C'est à quelques kilomètres de Turin, dans le charmant petit village de San Maurizio Canavese, qu'Achille et Giambattista Judica-Cordiglia installent leur station, baptisée «Torre Bert» et avec laquelle ils captent les communications des vaisseaux spatiaux survolant la région.
Aidés par une quinzaine de personnes, dont leur sœur Maria Theresa qui a le grand avantage de parler le russe, nos radioamateurs se branchent en direction des étoiles.
À l'époque, c'est un passe-temps prisé de la jeunesse, comme le rappelle le journaliste J. D. Ratcliff lorsqu'il fait le compte-rendu de sa visite à Torre Bert en avril 1965. «Comme les premiers radioamateurs, ces talentueux enthousiastes ont construit, pour l'équivalent de quelques centaines de dollars, leur propre équipement, conçu avec de la ferraille: grillage de basse-cour, tuyaux usés et vieilles radios.»
Le secret soviétique
Parmi les nombreux messages captés par les deux frères figure un étrange S.O.S., en date du 28 novembre 1960. Plus tard, une conversation entre un homme et une femme dont le vaisseau ne cesse de ralentir et qui comprennent avec effroi que «le monde ne saura jamais rien d'eux».

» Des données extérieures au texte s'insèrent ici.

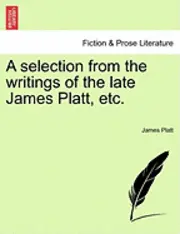 James Platt - Selection from the Writings of the Late James Platt, Etc., Häftad. Tillgänglighet: Lägg i varukorg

Le 23 mai, une cosmonaute répondant au nom de Ludmilla se plaint de l'intense chaleur qui règne dans son cockpit et demande à ce que l'on procède à un atterrissage d'urgence, avant que la communication ne se coupe subitement…

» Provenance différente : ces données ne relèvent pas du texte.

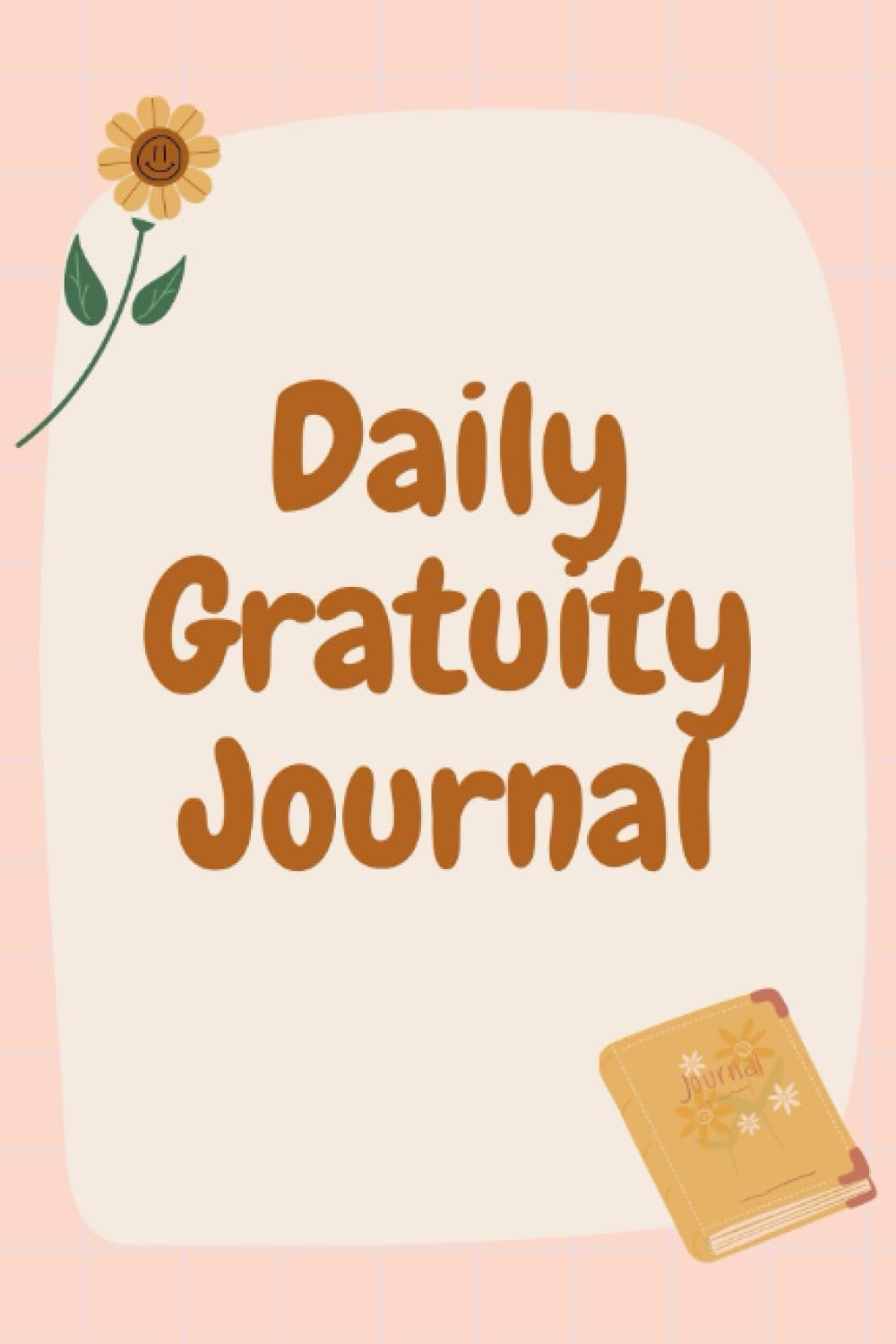 Independently published Daily Gratuity Journal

Ces écoutes donnent du crédit à la thèse des cosmonautes fantômes. Il faut dire qu'à l'époque, le culte du secret règne en URSS où le dirigeant du programme spatial, Sergueï Korolev, vit dans l'anonymat sur la base de Baïkonour et dont l'identité ne sera dévoilée qu'après sa mort.

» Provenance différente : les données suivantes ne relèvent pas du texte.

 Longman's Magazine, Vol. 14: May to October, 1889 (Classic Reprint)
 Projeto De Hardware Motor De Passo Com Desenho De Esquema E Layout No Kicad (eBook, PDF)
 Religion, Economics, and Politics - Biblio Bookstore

La localisation du cosmodrome est quant à elle tenue secrète (les autorités auraient fourni des coordonnées erronées à la Fédération aéronautique internationale), ce qui n'a pas empêché les États-Unis de découvrir l'emplacement du site grâce à leurs satellites espions.
Affirmation la plus incroyable liée à la théorie des cosmonautes fantômes: le premier homme à être allé dans l'espace ne serait pas Youri Gagarine, mais Vladimir Iliouchine qui aurait pris place à bord du Vostok le 7 avril 1961 (soit cinq jours avant Gagarine). À la suite d'une erreur technique, le cosmonaute aurait dévié de sa trajectoire pour atterrir en Chine, où il aurait été fait prisonnier.
Trop beau pour être vrai
Difficilement recevables d'un point de vue technique, les observations des frères Judica-Cordiglia sont fortement remises en cause par la communauté scientifique.
La possibilité d'entendre si distinctement les communications à l'intérieur d'un vaisseau spatial avec leur équipement de fortune semble en effet peu crédible. De plus, dans les enregistrements qui auraient circulé à une époque sur le net sans que leur authenticité ne soit jamais démontrée, les cosmonautes russes feraient beaucoup de fautes de grammaire et de vocabulaire.
Achille, qui a ensuite mené une carrière de cardiologue, est décédé en 2015. Son frère, Giambattista, toujours en vie, aurait quant à lui joué un rôle de consultant technique sur des écoutes téléphoniques initiées par la police italienne lors d'enquêtes criminelles.